I am a huge believer in education and its role in the development of ideas and forward progression of society as a whole. For me, personally, the fact that I get to play even a small part in a student journey – no matter what age – and their growth into a field they are passionate about is the greatest opportunity–and I’ve been fortunate enough to be able to do that both behind a screen as a designer as well as an educator!

(This goes for being part of any client story in general!)

I taught Visual Communications during the Fall 2019 semester at Millersville University of Pennsylvania (My Alma Mater) with a relatively “small” class of 10 students. The course focused on teaching students how to utilize visuals, like logo marks to convey messaging, ideas and content by way of the application of design principles . It was not only a learning experience for my students, but for me as well, requiring me to condense and present experience gathered over the course of years in my field of work and make it digestible for individuals that are laying the foundation for their own design careers.

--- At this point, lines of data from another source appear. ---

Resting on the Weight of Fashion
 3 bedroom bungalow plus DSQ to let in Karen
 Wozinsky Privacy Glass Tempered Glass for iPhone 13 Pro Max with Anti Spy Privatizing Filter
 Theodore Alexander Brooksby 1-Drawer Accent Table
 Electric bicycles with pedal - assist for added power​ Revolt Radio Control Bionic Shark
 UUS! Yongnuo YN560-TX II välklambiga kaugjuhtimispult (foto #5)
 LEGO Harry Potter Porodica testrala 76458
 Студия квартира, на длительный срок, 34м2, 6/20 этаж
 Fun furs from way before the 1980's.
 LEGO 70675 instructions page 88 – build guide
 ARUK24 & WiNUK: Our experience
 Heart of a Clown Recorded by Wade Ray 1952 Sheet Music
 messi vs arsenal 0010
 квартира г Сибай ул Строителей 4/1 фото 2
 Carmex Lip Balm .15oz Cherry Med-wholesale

Q: How do you go about immersing yourself in each client’s brand/product/service?

A: I typically dive into any client-provided immersion materials or turn to existing collateral, website(s) and digital presence. I like to get a sense of the existing visual and strategic direction so I can better design for where it needs to be going in order to help bring the client’s goals to fruition.  

Q: How do you separate or blend your style and aesthetic from or with a client’s?

A: I feel as though my “style” is fairly fluid and adaptive. I enjoy taking new approaches to the work I do based on what is current and responsible in the “world of design.” If anything, I just try to blend the clients wants and needs with design trends and standards that fit the landscape.

Q: How do you manage workloads for multiple clients at once? And how do you adjust your mind’s eye when you move from one client style to another?

A: I usually start my morning off with some type of tentative list (and a lot of coffee!).

I need a visual of what needs to be addressed throughout the day in order to stay on schedule. Project management tools like Monday, Trello, Active Collab, Asana etc. are all quite helpful when it comes to this! (We use Monday at Electric Kite)

When moving from one client to another I try to briefly detach from design almost entirely to avoid creative fatigue. I will read an article or two on Medium to engage both sides of my brain, and then dive into the next project with a refreshed frame of mind.

Q: Why did you become a graphic designer?

A: I have always been (and still am to some degree) a fine artist. My senior year of high school, I extended myself beyond the realm of traditional mediums and enrolled in a graphic arts course. 

After a few weeks of dabbling in Illustrator and InDesign it was as if I had that “ah-ha” moment – I knew immediately what career path I would pursue. 

Being able to tell stories through art always drew me to the creative industry, and being able to do so for clients with a varying array of needs and goals is ultimately why I am in this field of work.

*Earlier Illustration work circa 2012-2013

Q: What is something you’re working on for a (anonymous) client that you’re excited about that you can tell us a little bit about right now?

A: I’m currently developing a social media style guide that will speak to the digital presence of a “mystery” client. It’s a little different compared to the typical style guides I would develop, which tend to focus primarily on visuals, whereas this documentation includes content strategy and the insight from other members of the Electric Kite team–an all around collaborative effort!

Q: What are you reading or watching right now that you’ve really enjoyed and/or found creatively inspiring?

A: I’ve been watching “Abstract: The Art of Design” series on Netflix which takes a look at the application of creativity across a multitude of fields. Naturally, the episode featuring Paula Scher was my favorite, and serves as a reminder that design has had a lot of growth in the past few decades.